= What you are asked to do =
Give again the lines of the data from its first line through the line with "Pink Sand Seashell". Change nothing.

= Supplied entries =
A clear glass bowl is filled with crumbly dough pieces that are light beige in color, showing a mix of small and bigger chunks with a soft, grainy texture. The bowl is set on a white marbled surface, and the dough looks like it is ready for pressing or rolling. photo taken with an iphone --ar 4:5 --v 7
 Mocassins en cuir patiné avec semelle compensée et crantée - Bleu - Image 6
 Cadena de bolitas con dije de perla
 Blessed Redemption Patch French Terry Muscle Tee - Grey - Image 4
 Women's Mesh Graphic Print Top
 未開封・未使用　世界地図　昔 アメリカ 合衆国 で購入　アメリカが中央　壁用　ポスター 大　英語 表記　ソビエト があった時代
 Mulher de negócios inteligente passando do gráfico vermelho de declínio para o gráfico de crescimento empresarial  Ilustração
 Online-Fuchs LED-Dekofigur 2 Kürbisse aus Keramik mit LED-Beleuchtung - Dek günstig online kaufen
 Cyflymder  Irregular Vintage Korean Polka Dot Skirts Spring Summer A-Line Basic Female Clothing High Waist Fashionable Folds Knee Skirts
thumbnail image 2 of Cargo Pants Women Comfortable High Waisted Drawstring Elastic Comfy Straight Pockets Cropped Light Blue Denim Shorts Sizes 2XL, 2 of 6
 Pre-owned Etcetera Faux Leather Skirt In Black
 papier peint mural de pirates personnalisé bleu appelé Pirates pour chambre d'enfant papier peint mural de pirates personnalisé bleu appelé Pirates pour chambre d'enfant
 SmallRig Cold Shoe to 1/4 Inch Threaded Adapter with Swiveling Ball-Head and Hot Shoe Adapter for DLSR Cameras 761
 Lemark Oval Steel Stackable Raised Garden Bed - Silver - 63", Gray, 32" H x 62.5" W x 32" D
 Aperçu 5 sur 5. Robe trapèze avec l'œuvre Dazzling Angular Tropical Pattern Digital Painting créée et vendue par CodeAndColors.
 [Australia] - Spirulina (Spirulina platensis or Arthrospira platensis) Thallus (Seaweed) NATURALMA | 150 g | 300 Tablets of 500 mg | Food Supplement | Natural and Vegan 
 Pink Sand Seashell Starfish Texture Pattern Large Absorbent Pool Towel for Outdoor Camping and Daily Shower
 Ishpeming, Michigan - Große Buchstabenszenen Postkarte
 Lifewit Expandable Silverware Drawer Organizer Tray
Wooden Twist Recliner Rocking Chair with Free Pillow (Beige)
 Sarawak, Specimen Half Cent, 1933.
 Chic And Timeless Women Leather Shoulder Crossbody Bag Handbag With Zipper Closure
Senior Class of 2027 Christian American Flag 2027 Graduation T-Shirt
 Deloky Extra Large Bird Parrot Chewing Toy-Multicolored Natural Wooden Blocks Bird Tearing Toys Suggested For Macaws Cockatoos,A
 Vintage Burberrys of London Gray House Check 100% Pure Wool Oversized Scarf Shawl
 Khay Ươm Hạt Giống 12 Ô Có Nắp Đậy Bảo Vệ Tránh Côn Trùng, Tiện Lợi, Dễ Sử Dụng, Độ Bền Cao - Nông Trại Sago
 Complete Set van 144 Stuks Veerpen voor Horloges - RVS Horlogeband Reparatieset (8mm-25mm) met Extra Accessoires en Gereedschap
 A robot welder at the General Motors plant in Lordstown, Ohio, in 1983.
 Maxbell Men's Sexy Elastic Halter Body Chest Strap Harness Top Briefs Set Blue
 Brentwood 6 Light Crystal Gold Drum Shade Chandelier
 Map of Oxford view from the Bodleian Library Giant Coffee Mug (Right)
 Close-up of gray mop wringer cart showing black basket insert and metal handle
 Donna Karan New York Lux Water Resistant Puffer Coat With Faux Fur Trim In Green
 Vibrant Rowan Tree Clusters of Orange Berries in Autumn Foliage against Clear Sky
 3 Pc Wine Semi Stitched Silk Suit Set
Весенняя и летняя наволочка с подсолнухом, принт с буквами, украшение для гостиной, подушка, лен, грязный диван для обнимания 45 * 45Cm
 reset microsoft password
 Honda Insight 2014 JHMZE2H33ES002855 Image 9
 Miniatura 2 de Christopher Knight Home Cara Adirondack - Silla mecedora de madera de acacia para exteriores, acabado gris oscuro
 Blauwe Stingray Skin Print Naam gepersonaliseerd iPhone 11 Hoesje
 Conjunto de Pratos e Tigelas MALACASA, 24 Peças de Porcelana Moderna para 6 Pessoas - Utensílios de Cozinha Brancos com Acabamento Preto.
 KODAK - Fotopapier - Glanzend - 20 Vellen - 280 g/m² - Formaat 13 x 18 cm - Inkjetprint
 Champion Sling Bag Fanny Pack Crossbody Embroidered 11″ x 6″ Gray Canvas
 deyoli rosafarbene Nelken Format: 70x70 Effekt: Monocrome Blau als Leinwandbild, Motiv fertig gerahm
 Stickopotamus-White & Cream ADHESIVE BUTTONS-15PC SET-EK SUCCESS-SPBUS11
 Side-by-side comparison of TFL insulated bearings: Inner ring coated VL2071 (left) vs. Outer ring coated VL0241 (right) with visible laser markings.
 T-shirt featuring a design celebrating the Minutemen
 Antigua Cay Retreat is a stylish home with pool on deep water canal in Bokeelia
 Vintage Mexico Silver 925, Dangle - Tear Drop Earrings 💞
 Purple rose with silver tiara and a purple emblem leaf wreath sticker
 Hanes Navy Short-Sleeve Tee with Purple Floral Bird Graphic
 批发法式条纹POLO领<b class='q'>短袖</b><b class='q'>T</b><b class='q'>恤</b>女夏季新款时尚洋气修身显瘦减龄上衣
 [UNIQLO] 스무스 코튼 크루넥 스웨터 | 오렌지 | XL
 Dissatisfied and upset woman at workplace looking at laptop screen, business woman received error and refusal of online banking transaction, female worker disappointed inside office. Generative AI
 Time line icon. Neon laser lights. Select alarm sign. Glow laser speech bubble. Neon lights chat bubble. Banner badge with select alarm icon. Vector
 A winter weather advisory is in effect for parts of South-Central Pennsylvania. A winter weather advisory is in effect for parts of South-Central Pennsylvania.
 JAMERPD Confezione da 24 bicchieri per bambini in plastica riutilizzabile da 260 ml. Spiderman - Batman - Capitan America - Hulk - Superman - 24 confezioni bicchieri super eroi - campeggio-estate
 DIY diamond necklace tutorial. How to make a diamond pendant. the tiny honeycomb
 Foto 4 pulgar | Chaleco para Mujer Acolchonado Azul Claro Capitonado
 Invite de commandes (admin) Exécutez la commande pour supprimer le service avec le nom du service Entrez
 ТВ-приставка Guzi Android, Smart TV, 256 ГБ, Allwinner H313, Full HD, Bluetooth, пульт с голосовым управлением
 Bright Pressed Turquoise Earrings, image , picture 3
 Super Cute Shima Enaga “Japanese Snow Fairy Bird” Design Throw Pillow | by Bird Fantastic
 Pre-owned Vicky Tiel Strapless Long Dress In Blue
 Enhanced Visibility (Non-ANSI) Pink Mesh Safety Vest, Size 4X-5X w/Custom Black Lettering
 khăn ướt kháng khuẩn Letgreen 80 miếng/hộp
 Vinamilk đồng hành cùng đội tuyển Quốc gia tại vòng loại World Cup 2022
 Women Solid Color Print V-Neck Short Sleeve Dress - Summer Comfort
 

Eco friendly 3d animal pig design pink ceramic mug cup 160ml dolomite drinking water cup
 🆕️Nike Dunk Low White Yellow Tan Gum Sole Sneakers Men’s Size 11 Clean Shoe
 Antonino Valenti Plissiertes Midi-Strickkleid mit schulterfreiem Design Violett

= Task solution =
A clear glass bowl is filled with crumbly dough pieces that are light beige in color, showing a mix of small and bigger chunks with a soft, grainy texture. The bowl is set on a white marbled surface, and the dough looks like it is ready for pressing or rolling. photo taken with an iphone --ar 4:5 --v 7
 Mocassins en cuir patiné avec semelle compensée et crantée - Bleu - Image 6
 Cadena de bolitas con dije de perla
 Blessed Redemption Patch French Terry Muscle Tee - Grey - Image 4
 Women's Mesh Graphic Print Top
 未開封・未使用　世界地図　昔 アメリカ 合衆国 で購入　アメリカが中央　壁用　ポスター 大　英語 表記　ソビエト があった時代
 Mulher de negócios inteligente passando do gráfico vermelho de declínio para o gráfico de crescimento empresarial  Ilustração
 Online-Fuchs LED-Dekofigur 2 Kürbisse aus Keramik mit LED-Beleuchtung - Dek günstig online kaufen
 Cyflymder  Irregular Vintage Korean Polka Dot Skirts Spring Summer A-Line Basic Female Clothing High Waist Fashionable Folds Knee Skirts
thumbnail image 2 of Cargo Pants Women Comfortable High Waisted Drawstring Elastic Comfy Straight Pockets Cropped Light Blue Denim Shorts Sizes 2XL, 2 of 6
 Pre-owned Etcetera Faux Leather Skirt In Black
 papier peint mural de pirates personnalisé bleu appelé Pirates pour chambre d'enfant papier peint mural de pirates personnalisé bleu appelé Pirates pour chambre d'enfant
 SmallRig Cold Shoe to 1/4 Inch Threaded Adapter with Swiveling Ball-Head and Hot Shoe Adapter for DLSR Cameras 761
 Lemark Oval Steel Stackable Raised Garden Bed - Silver - 63", Gray, 32" H x 62.5" W x 32" D
 Aperçu 5 sur 5. Robe trapèze avec l'œuvre Dazzling Angular Tropical Pattern Digital Painting créée et vendue par CodeAndColors.
 [Australia] - Spirulina (Spirulina platensis or Arthrospira platensis) Thallus (Seaweed) NATURALMA | 150 g | 300 Tablets of 500 mg | Food Supplement | Natural and Vegan 
 Pink Sand Seashell Starfish Texture Pattern Large Absorbent Pool Towel for Outdoor Camping and Daily Shower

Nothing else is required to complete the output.